+++ Given records +++
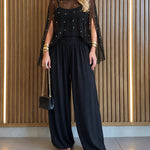 Women's 2-Piece Set Pearl Embellished Split Sleeve Chiffon Cape with Cami Lantern Jumpsuit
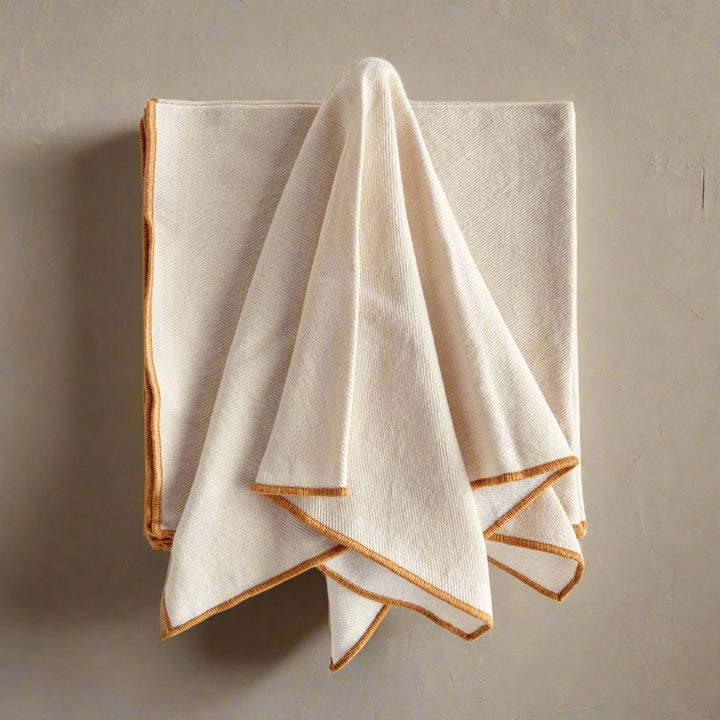 Set of 4 Soft Ochre Cotton Dinner Napkins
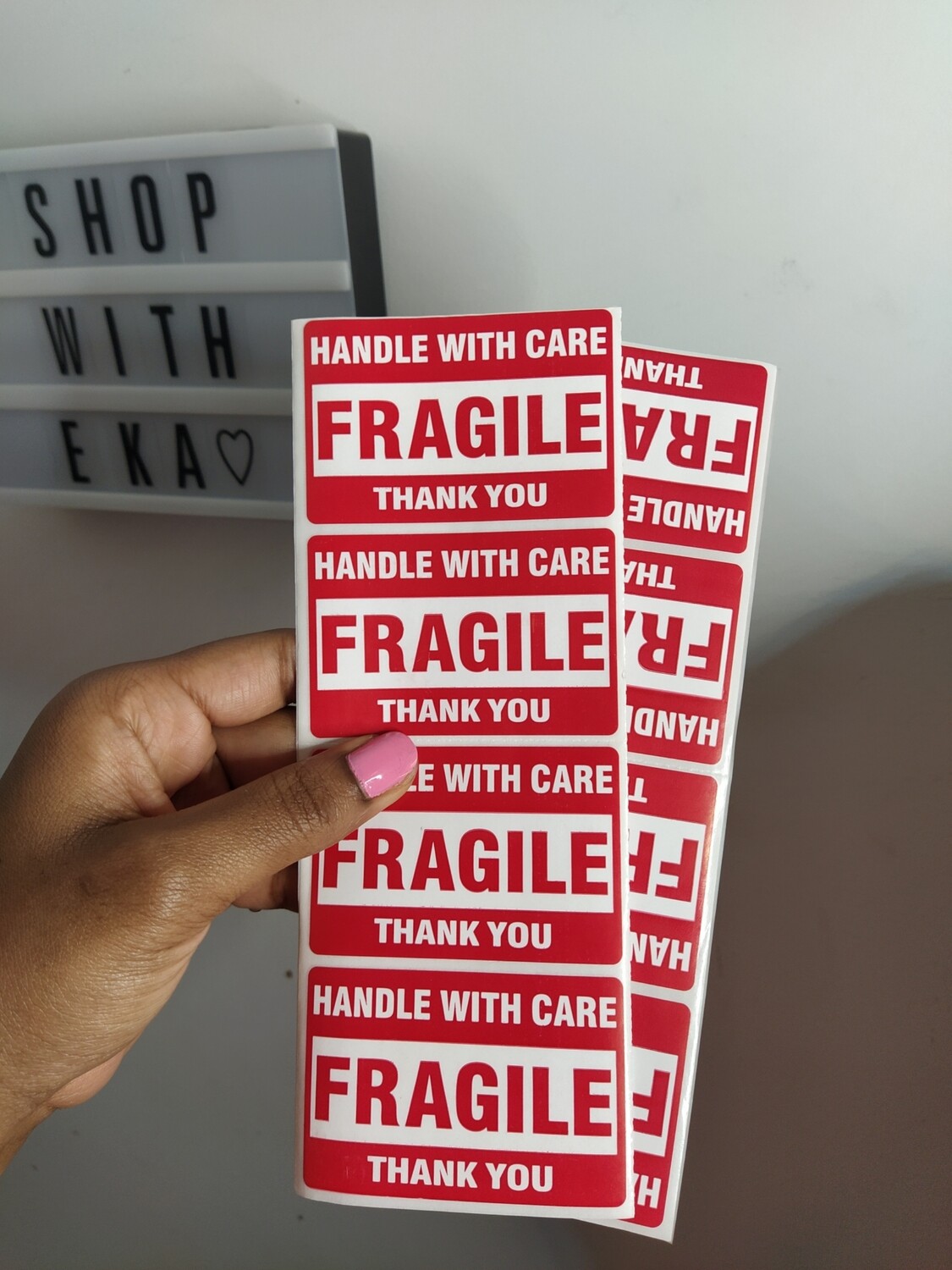 47 red fragile stickers (ADD ON ITEM)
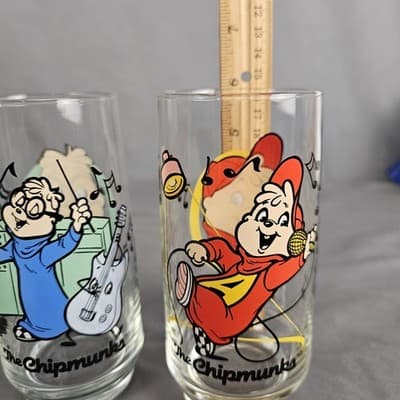 Set of 2 Vintage Chipmunks Simon & Alvin 1985 Bagdasarian Prod Glasses, EUC - Thumbnail 6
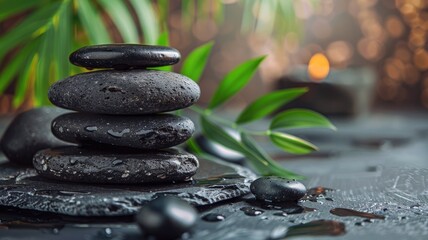 Stacked black spa stones with green leaves, candle in background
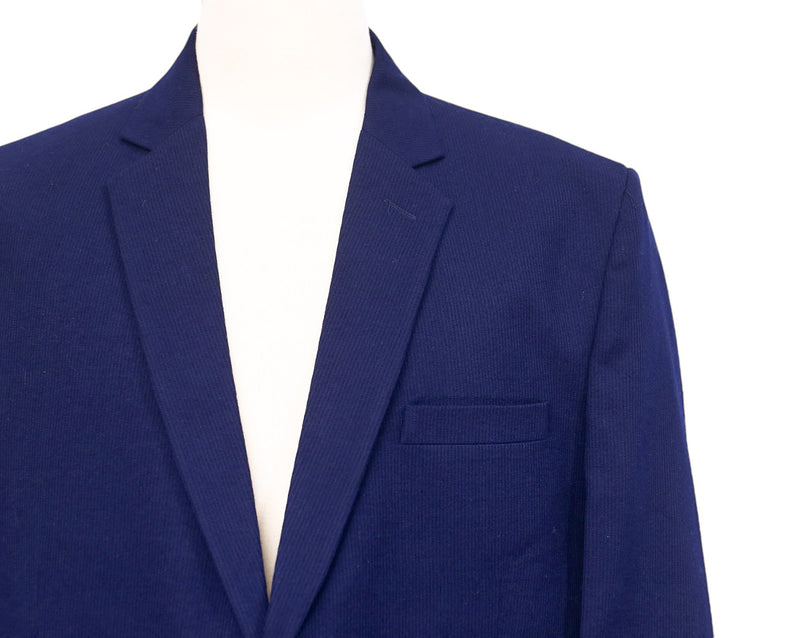 Mens Blazer Navy Blue Textured Cotton Dress Formal Jacket Wedding Sport Coat 48R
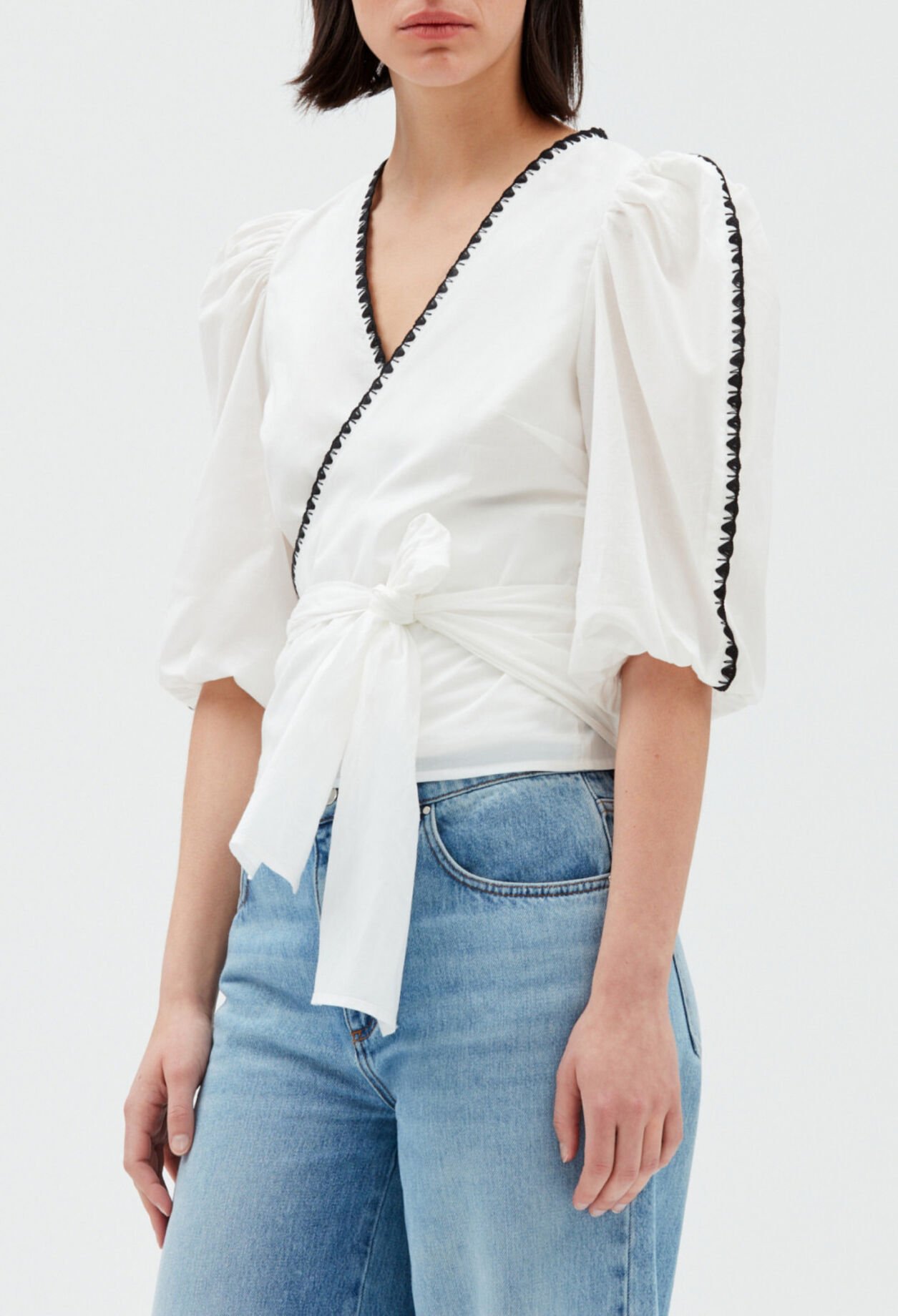 Wickelbluse, ecrufarben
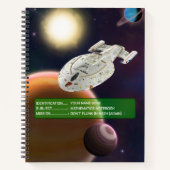 Carnet Spatiale dans l'espace, soleil & planètes spirale (Devant)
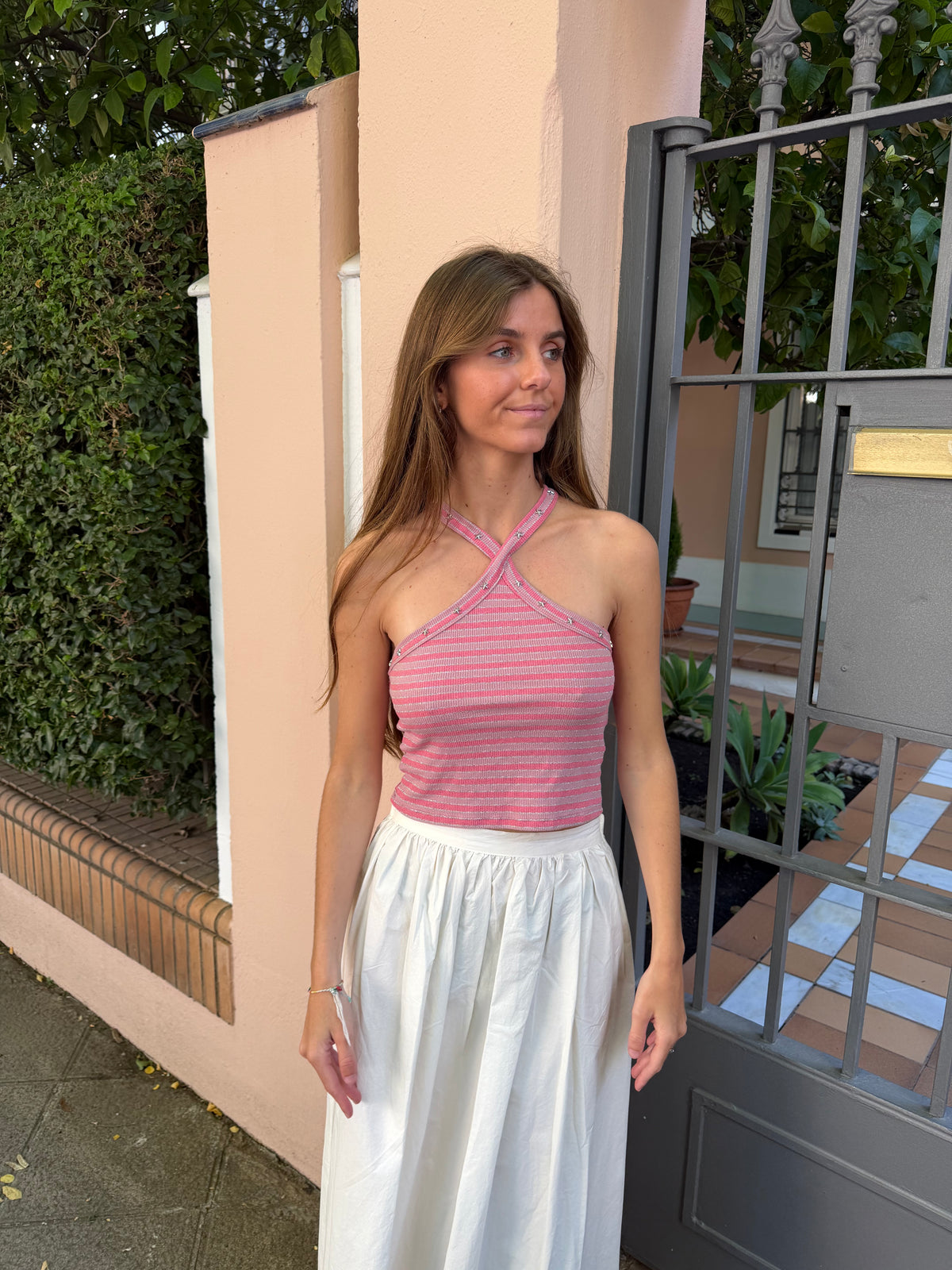 TOP LUREX ESTRELLAS ROSA CLARO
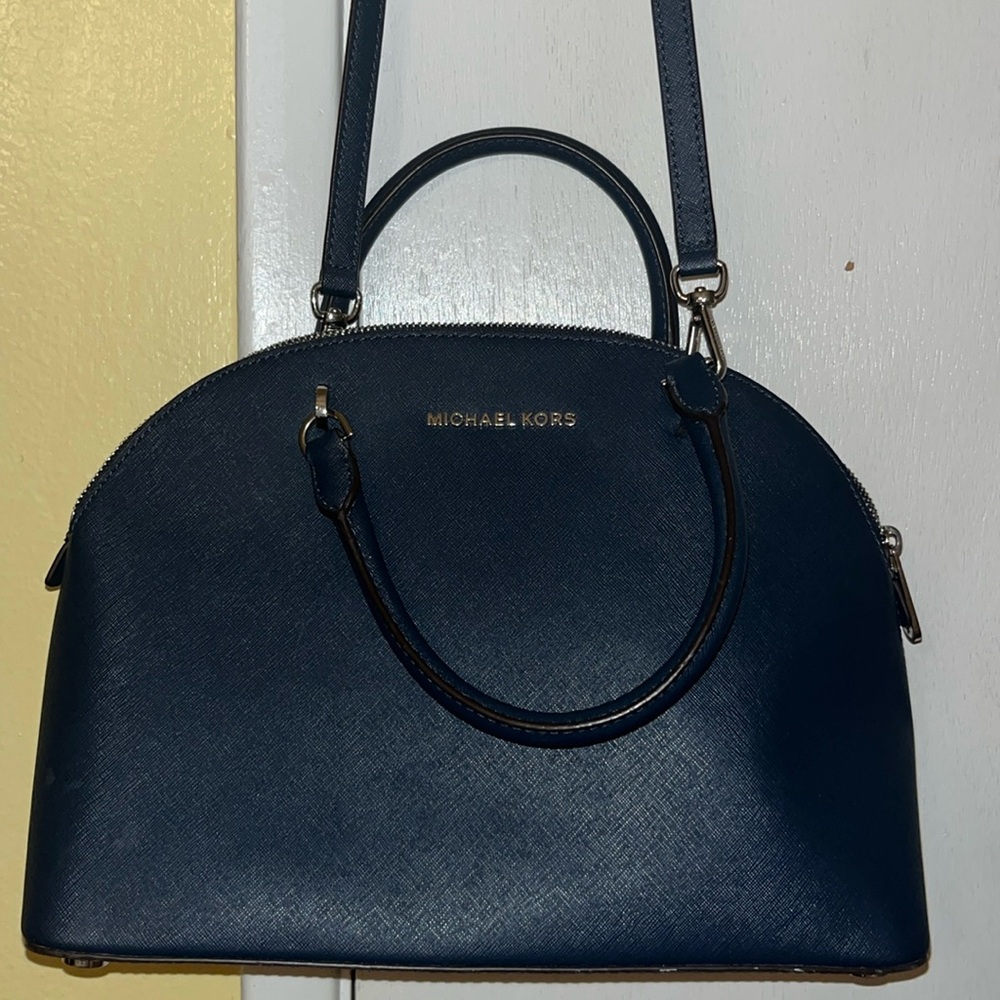 Michael Kors Bag Handbag Emmy LG Dome Satchel Navy Blue 35T9SY3S3L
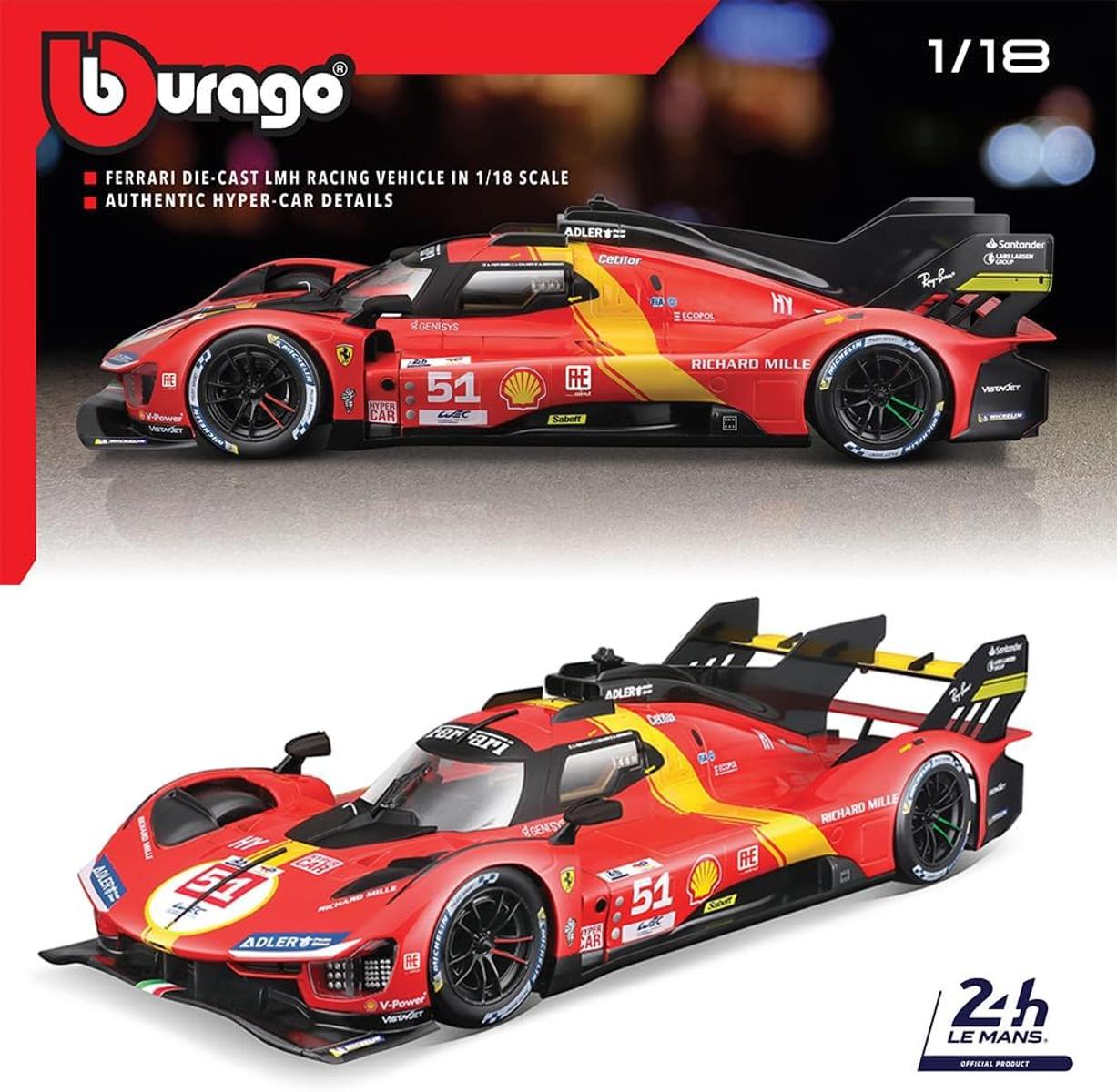Bburago - 1/18 Ferrari Racing - 499P LMH 2023#51 - Rot - Neuheit 2024: Metallnachbildung - detaillierter Innenraum - Türen und Haube zum Öffnen im Maßstab 1:18. - Gewinner der 24h von Le Mans 2023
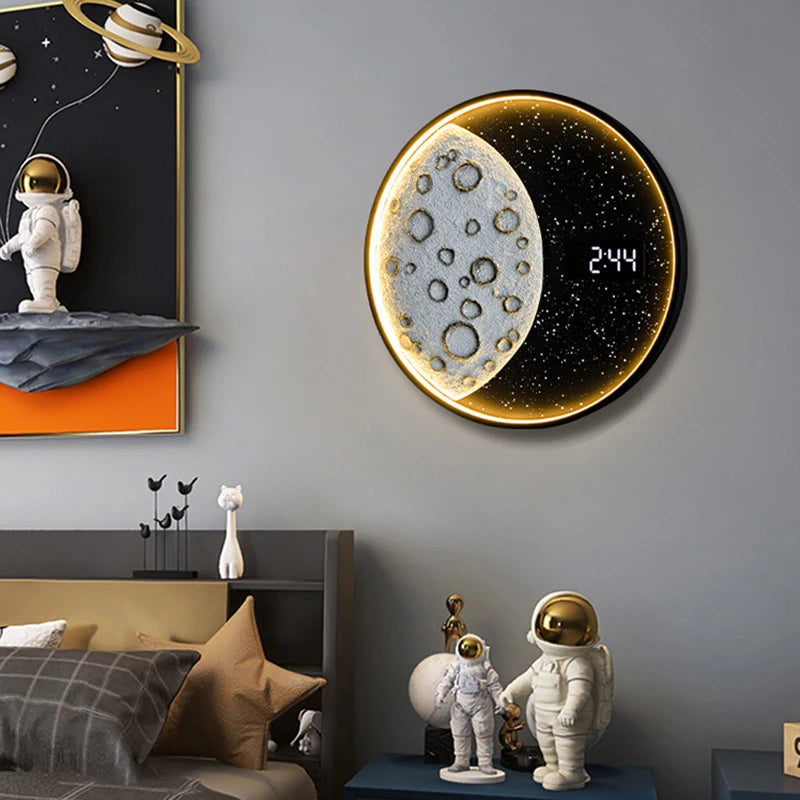 Modern Astronaut Moon Clock Wall Lamps Creative Bedroom Lights Living Room Decoration Space Man Light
+++
[Problem to solve] Could the data above be reproduced exactly, with the pictures left out?

[Solution to this task]
 Women's 2-Piece Set Pearl Embellished Split Sleeve Chiffon Cape with Cami Lantern Jumpsuit
 Set of 4 Soft Ochre Cotton Dinner Napkins
 47 red fragile stickers (ADD ON ITEM)
 Set of 2 Vintage Chipmunks Simon & Alvin 1985 Bagdasarian Prod Glasses, EUC - Thumbnail 6
 Stacked black spa stones with green leaves, candle in background
 Mens Blazer Navy Blue Textured Cotton Dress Formal Jacket Wedding Sport Coat 48R
 Wickelbluse, ecrufarben
 Carnet Spatiale dans l'espace, soleil & planètes spirale (Devant)
 TOP LUREX ESTRELLAS ROSA CLARO
 Michael Kors Bag Handbag Emmy LG Dome Satchel Navy Blue 35T9SY3S3L
Bburago - 1/18 Ferrari Racing - 499P LMH 2023#51 - Rot - Neuheit 2024: Metallnachbildung - detaillierter Innenraum - Türen und Haube zum Öffnen im Maßstab 1:18. - Gewinner der 24h von Le Mans 2023
 Modern Astronaut Moon Clock Wall Lamps Creative Bedroom Lights Living Room Decoration Space Man Light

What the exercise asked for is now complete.